Each tenant node now has the following:

  • An IPoIB interface on its own Default vFabric, which is ib0.

  • An interface on the storage vFabric, which is ib0.0841.

This is why storage nodes need to be on their own IP subnet of xxx.yyy.41.zzz. Linux needs to know that traffic for the storage nodes needs to be routed to ib0.8041, and it knows this because storage nodes ib0 interfaces have the address xxx.zzz.41.zzz compared to its other tenant nodes that have xxx.yyy.10.zzz.

5.2.1.5.7. Secure the Admin vFabric
  1. Find the GUID for the host node you chose to be the main Admin node.

    [root@FM_host vfs]# opareport -qQ -o lids | grep FM_host
    0x0001        0x0011750101743e91   1 FI FM_host hfi1_0
    
  2. Create the AdminNodes device group in the /etc/opa-fm/dgs (device groups) directory.

    1. Copy the Storage device group to AdminNodes.

      Note

      This task can contain multiple Admin nodes but, for simplicity, we are only using one.

      [root@FM_host dgs]# cd /etc/opa-fm/dgs
      [root@FM_host dgs]# ls
      opafm_dg_Storage.xml  opafm_dg_Tenant1.xml  opafm_dg_Tenant2.xml  
      [root@FM_host dgs]# cp opafm_dg_Storage.xml opafm_dg_AdminNodes.xml
      [root@FM_host dgs]# ls
      opafm_dg_AdminNodes.xml  opafm_dg_Storage.xml  opafm_dg_Tenant1.xml  
      opafm_dg_Tenant2.xml
    2. Edit the file and replace the Storage device group host nodes GUIDS with the AdminNodes host node GUIDs, then change the name from Storage to AdminNodes.

      Again, you can have as many admin nodes as needed. We are only using one for our example.

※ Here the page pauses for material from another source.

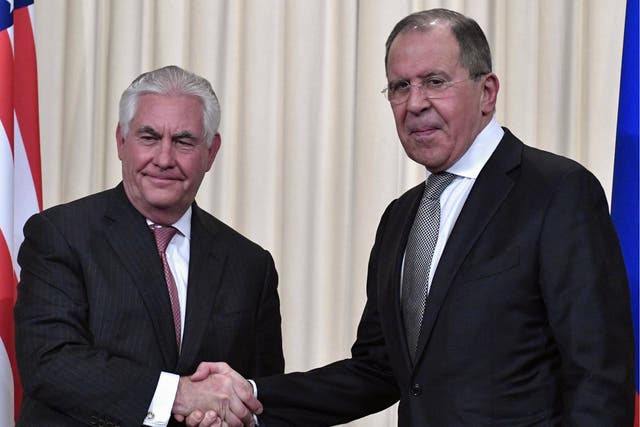 Russian Foreign Minister Sergei Lavrov shakes hands with US Secretary of State Rex Tillerson after a press conference in Moscow on 12 April 2017.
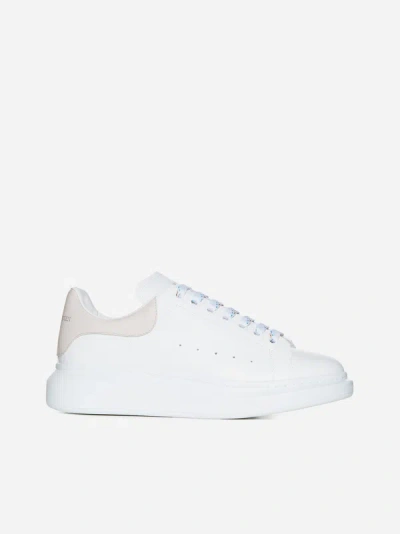 Shop Alexander Mcqueen Oversize Leather Sneakers In White,beige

      Original file copied from Storage:

      [root@FM_host dgs]# vi opafm_dg_AdminNodes
      <DeviceGroup>
          <Name>Storage</Name>
          <PortGUID>0x0011750101747a47</PortGUID> 
          <PortGUID>0x0011750101747e96</PortGUID>
      </DeviceGroup>
      

      Modified AdminNodes file:

      <DeviceGroup>
          <Name>AdminNodes</Name>
          <PortGUID>0x0011750101743e91</PortGUID> 
      </DeviceGroup>  
      
  3. Rebuild the opafm.xml file and restart the FM.

    [root@FM_host dgs]# opafmvf commit
    /etc/opa-fm/opafm.xml will be overwritten!
    Do you want to continue? [y/N] y
    Processing files in  /etc/opa-fm/dgs
    Processing files in  /etc/opa-fm/vfs
    Config Check Passed!
    Generated new configuration for fabric manager
    [root@FM_host dgs]# opafmvf reload

    The AdminNodes device group has been created and loaded.

  4. Edit the Admin partition section in the opafm_pp.xml file.

    Note

    Do not edit the opafm.xml file directly. Edit the preprocessor file instead.

    1. In a text editor, search for the Admin partition (/Admin partition).

    2. Comment out <Member>AllMgmtAllowed</Member> and uncomment <Member>AdminNodes</Member>.

    3. Remove any extra wording.

    4. Save and close the file.

    The following code text shows an example of the process.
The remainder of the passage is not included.